[To do]:
Only one span of the material below is wanted. Output it exactly, from the line with "Cartera Parfois con estampado de casas" through the line with "Joyful white young-adult", without any pictures.

[Given records]:
BEGIN

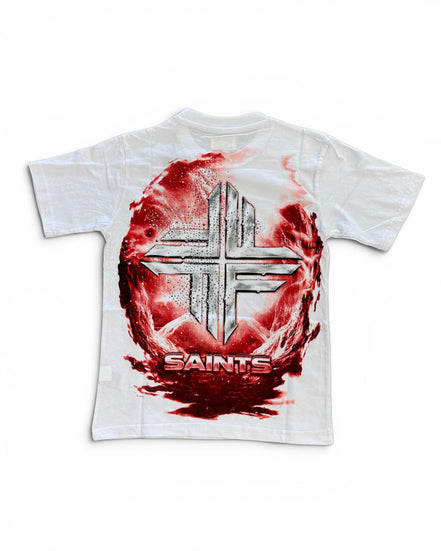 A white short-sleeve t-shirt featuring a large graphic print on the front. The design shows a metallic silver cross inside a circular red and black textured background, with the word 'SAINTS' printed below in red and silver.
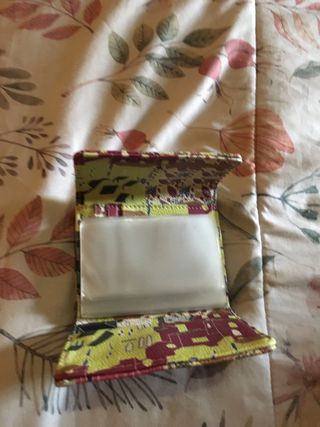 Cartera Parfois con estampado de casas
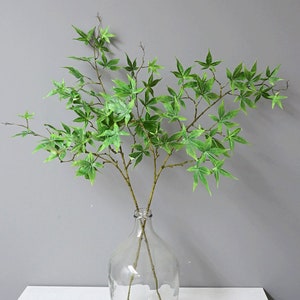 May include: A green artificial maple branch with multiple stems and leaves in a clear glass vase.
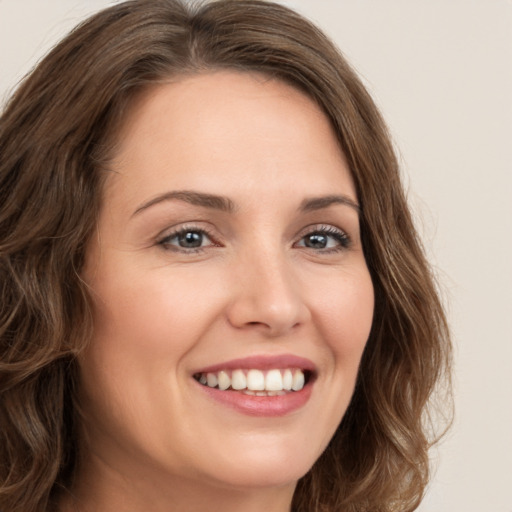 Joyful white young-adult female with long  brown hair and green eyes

END
BEGIN

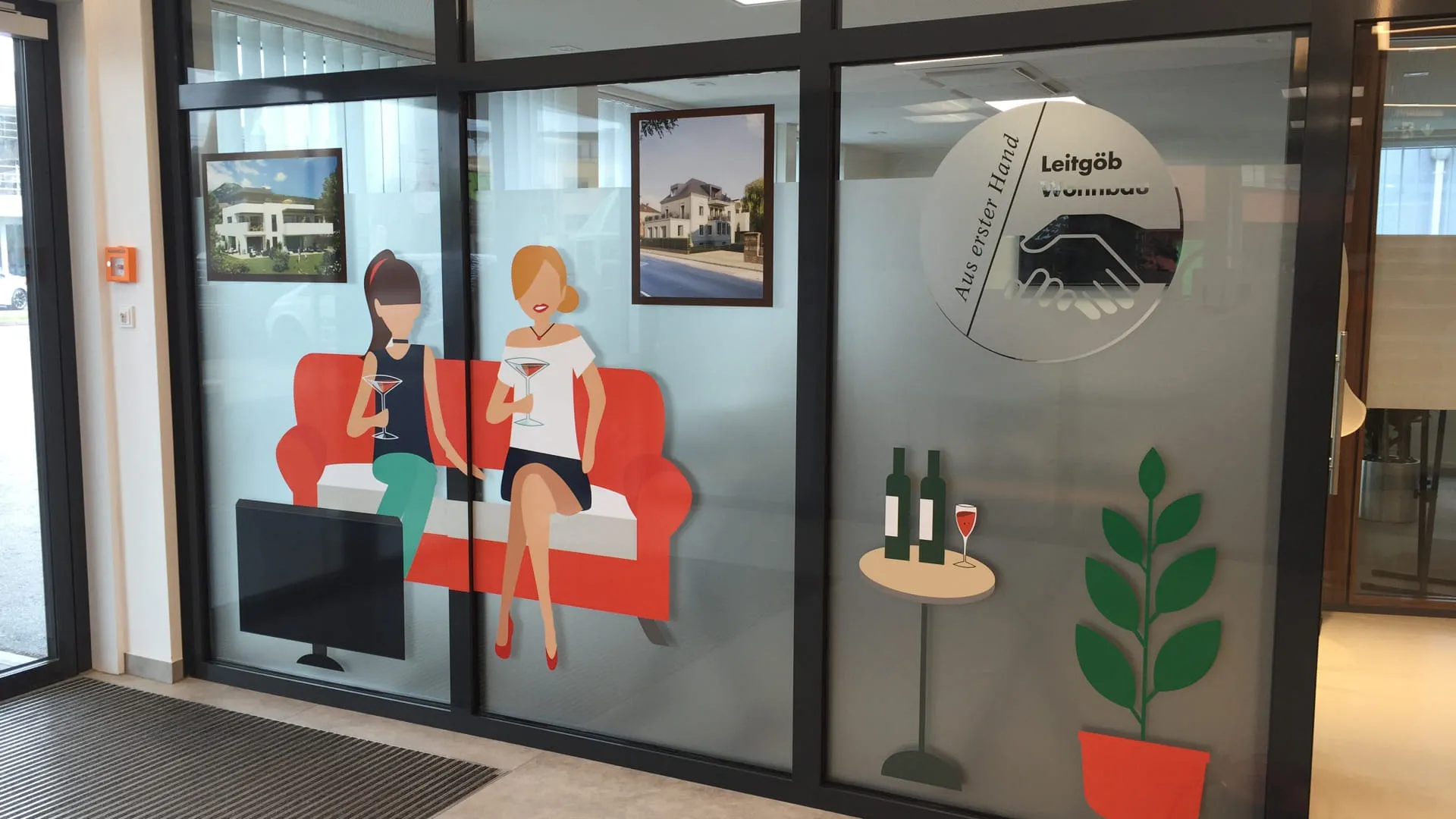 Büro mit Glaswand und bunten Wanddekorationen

END

[Answer section]:
 Cartera Parfois con estampado de casas
 May include: A green artificial maple branch with multiple stems and leaves in a clear glass vase.
 Joyful white young-adult female with long  brown hair and green eyes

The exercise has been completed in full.